Re: Use of backup_label not noted in log

From: Michael Paquier <michael(at)paquier(dot)xyz>
To: Andres Freund <andres(at)anarazel(dot)de>
Cc: Laurenz Albe <laurenz(dot)albe(at)cybertec(dot)at>, pgsql-hackers(at)postgresql(dot)org, Michael Paquier <michael(dot)paquier(at)gmail(dot)com>, David Steele <david(at)pgmasters(dot)net>
Subject: Re: Use of backup_label not noted in log
Date: 2023-11-20 08:30:31
Message-ID: ZVsZJzDGBzUyMCrH@paquier.xyz
Views: Raw Message | Whole Thread | Download mbox | Resend email
Thread:
Lists: pgsql-hackers

On Sat, Nov 18, 2023 at 01:49:15PM -0800, Andres Freund wrote:
> Note that the LSN in the "continuing" case is the one the backup started at,
> not where recovery will start.
>
> I've wondered whether it's worth also adding an explicit message just after
> ReachedEndOfBackup(), but it seems far less urgent due to the existing
> "consistent recovery state reached at %X/%X" message.

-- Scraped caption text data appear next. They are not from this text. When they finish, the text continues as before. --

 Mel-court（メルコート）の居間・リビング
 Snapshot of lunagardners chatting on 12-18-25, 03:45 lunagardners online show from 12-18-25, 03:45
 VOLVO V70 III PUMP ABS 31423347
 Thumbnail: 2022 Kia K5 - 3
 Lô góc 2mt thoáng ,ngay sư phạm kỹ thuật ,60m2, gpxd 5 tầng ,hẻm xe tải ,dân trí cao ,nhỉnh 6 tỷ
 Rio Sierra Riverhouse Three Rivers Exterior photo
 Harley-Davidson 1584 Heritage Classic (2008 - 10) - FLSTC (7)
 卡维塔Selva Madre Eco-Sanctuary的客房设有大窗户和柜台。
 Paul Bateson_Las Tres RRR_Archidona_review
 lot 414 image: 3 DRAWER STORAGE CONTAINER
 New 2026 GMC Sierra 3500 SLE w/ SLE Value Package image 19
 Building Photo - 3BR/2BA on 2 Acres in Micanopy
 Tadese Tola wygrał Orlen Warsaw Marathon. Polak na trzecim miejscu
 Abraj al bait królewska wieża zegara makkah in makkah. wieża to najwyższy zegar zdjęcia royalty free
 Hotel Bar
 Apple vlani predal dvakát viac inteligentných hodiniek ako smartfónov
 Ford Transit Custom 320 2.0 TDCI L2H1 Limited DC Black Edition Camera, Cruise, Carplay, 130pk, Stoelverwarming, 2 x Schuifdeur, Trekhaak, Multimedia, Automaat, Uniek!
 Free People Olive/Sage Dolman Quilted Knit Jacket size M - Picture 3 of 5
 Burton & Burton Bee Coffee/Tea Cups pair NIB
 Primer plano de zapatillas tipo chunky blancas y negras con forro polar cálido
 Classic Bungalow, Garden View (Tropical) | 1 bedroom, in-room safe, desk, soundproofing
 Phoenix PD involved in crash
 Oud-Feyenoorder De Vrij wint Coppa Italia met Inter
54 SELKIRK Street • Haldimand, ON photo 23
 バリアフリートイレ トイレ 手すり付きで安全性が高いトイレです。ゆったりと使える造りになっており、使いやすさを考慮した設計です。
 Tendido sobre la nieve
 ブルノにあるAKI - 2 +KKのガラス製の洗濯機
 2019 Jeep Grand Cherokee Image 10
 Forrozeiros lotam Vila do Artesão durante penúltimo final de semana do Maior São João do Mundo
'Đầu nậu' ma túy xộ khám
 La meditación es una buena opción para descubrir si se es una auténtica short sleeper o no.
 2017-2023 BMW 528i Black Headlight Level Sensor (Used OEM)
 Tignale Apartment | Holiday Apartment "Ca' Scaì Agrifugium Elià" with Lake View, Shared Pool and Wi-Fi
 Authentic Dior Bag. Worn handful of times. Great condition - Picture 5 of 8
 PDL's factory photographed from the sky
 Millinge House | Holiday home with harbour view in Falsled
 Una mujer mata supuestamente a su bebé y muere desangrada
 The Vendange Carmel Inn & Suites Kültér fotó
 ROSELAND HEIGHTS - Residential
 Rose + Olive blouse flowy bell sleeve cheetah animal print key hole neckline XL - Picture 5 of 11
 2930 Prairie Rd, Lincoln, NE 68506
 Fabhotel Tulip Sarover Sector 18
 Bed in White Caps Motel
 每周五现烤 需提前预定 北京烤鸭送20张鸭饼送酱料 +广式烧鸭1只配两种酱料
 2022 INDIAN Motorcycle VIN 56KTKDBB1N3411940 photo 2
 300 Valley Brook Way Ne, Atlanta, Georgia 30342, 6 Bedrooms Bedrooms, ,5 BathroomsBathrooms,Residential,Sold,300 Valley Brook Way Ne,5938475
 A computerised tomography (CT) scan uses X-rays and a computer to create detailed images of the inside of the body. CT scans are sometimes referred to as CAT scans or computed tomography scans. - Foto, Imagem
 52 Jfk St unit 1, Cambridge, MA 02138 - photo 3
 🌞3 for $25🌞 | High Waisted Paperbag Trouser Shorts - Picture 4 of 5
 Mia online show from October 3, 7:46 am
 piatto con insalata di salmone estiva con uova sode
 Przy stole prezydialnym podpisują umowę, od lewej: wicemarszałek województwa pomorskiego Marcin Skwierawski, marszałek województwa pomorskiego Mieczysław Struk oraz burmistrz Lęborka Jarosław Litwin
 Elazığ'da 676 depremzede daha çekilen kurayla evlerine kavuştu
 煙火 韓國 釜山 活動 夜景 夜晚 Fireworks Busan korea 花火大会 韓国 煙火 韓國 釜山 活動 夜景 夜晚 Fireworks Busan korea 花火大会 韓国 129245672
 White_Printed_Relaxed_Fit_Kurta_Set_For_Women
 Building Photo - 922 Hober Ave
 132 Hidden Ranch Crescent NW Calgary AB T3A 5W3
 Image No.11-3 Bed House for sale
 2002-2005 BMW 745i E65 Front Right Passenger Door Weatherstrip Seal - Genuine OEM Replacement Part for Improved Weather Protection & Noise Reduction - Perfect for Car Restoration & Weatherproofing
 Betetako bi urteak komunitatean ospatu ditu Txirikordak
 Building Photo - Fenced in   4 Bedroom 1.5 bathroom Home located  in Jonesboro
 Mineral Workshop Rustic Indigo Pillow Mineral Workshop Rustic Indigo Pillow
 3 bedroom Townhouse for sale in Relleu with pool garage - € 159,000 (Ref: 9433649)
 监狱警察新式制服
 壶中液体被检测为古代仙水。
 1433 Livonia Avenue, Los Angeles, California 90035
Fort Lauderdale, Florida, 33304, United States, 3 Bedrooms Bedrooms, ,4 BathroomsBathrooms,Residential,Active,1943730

Upgrading the surrounding DEBUG1 to a LOG is another option, but I
agree that I've seen less that as being an actual problem in the field
compared to the famous I-removed-a-backup-label-and-I-m-still-up,
until this user sees signs of corruption after recovery was finished,
sometimes days after putting back an instance online.

> Playing around with this a bit, I'm wondering if we instead should remove that
> message, and emit something more informative earlier on. If there's a problem,
> you kinda want the information before we finally get to the loop in
> PerformWalLRecovery(). If e.g. there's no WAL you'll only get
> LOG: invalid checkpoint record
> PANIC: could not locate a valid checkpoint record

I was looking at this code a few weeks ago and have on my stack of
list to do an item about sending a patch to make this exact message
PANIC more talkative as there are a lot of instances with
log_min_messages > log.

> which is delightfully lacking in details.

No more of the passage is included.